The Court must "accept as true all of the factual allegations contained in the complaint." Erickson v. Pardus, 551 U.S. 89, 93 (2007). The Court must also "draw[ ] all reasonable factual inferences from those facts in the plaintiff's favor." Edwards v. City of Goldsboro, 178 F.3d 231, 244 (4th Cir. 1999). However, statements of bare legal conclusions "are not entitled to the assumption of truth" and are insufficient to state a claim. Iqbal, 556 U.S. at 679. Furthermore, the court need not "accept as true unwarranted inferences, unreasonable conclusions, or arguments." E. Shore Mkts., v. J.D. Assocs. Ltd. P'ship, 213 F.3d 175, 180 (4th Cir. 2000). "Threadbare recitals of the elements of a cause of action, supported by mere conclusory statements, do not suffice . . . [because courts] 'are not bound to accept as true a legal conclusion couched as a factual allegation.'" Iqbal, 556 U.S. at 678 (quoting Twombly, 550 U.S. at 555).
To survive a motion to dismiss, "a complaint must contain sufficient factual matter, accepted as true, 'to state a claim to relief that is plausible on its face.'" Iqbal, 556 U.S. at 678 (quoting Twombly, 550 U.S. at 570). In other words, this "plausibility standard requires a plaintiff to demonstrate more than 'a sheer possibility that a defendant has acted unlawfully.'" Francis, 588 F.3d at 193 (quoting Twombly, 550 U.S. at 570). A plaintiff must, using the complaint, "articulate facts, when accepted as true, that 'show' that the plaintiff has stated a claim entitling him to relief." Francis, 588 F.3d at 193 (quoting Twombly, 550 U.S. at 557). "Determining whether a complaint states [on its face] a plausible claim for relief [which can survive a motion to dismiss] will . . . be a context-specific task that requires the reviewing court to draw on its judicial experience and common sense." Iqbal, 556 U.S. at 679.

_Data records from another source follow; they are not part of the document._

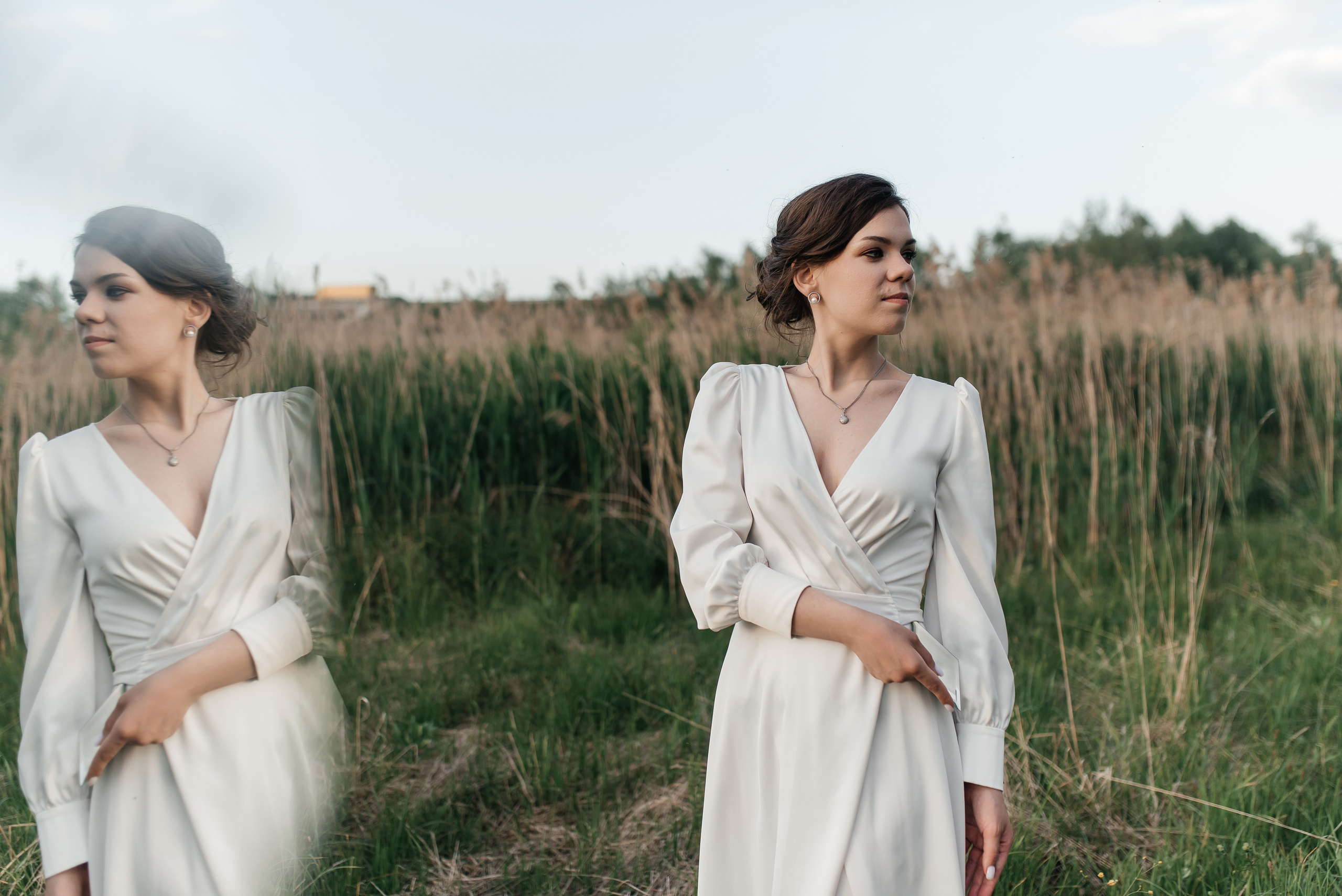 Евгения и Алексей. Свадебный и семейный фотограф Кокушева Юлия Нижний Новгород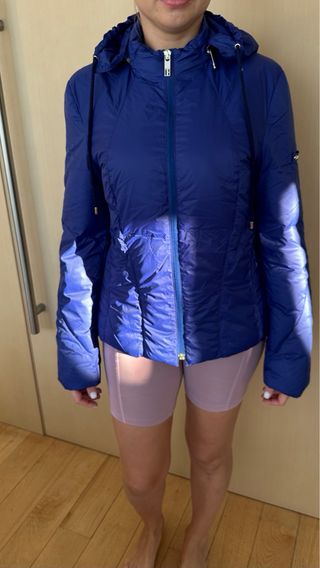 Chaqueta Bikkembergs Azul Mujer T.48IT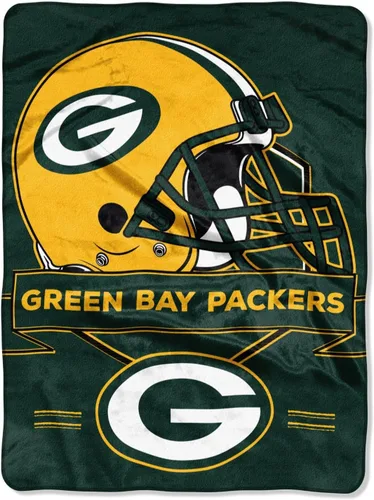 Miniatura 95 de Northwest NFL Unisex-Adult Raschel Throw Blanket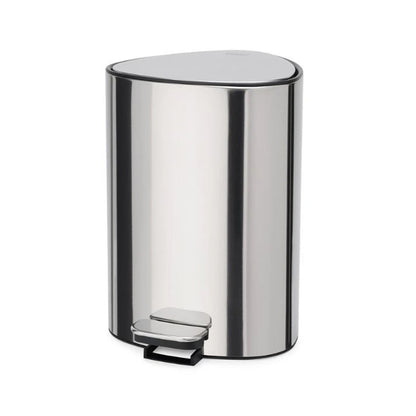 Joseph Joseph EasyStore Luxe 5L Stainless Steel Pedal Bin JOSEPH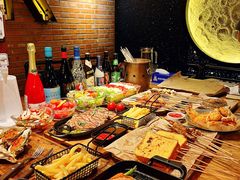 -1819餐厅·团队聚餐·烤串·精酿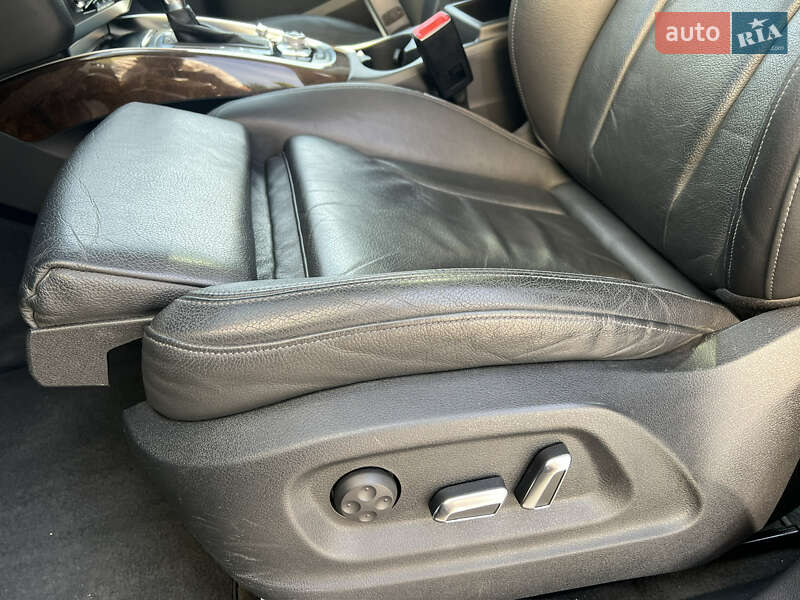 Внедорожник / Кроссовер Audi Q5 2013 в Тернополе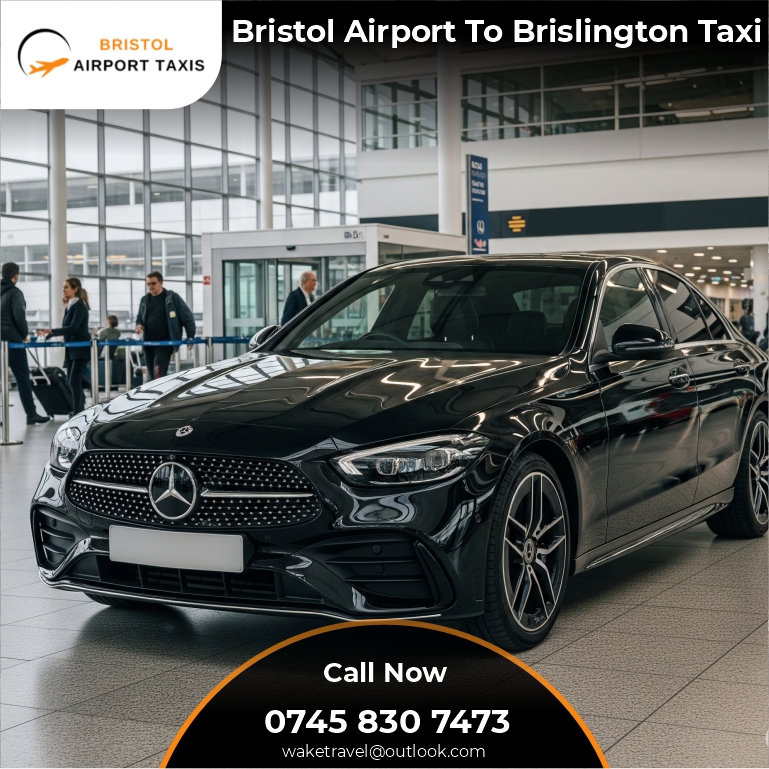 Bristol Airport to Brislington taxi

The Defendants assert that the City of Beckley cannot be liable for 42 U.S.C. § 1983 claims under a respondeat superior theory, and the Plaintiffs failed to plead facts supporting a claim that their injuries were proximately caused by an official policy or custom of the City of Beckley. They further argue that the Plaintiffs failed to identify which officers allegedly used force against each Plaintiff, and so the § 1983 claims contained in Counts One and Three should be dismissed. Similarly, the Defendants assert that the Plaintiffs did not specifically allege that each officer was aware of another officer's acts depriving the Plaintiffs of a constitutional right, and chose not to act despite having the opportunity to prevent harm. The Defendants further argue that the negligence claim must be dismissed because state law immunizes them from claims of damages related to execution of lawful search warrants. Finally, the Defendants argue that state law bars any award of punitive damages against a political subdivision and its employees, and that state law provides Defendants Snuffer and Whitt with immunity.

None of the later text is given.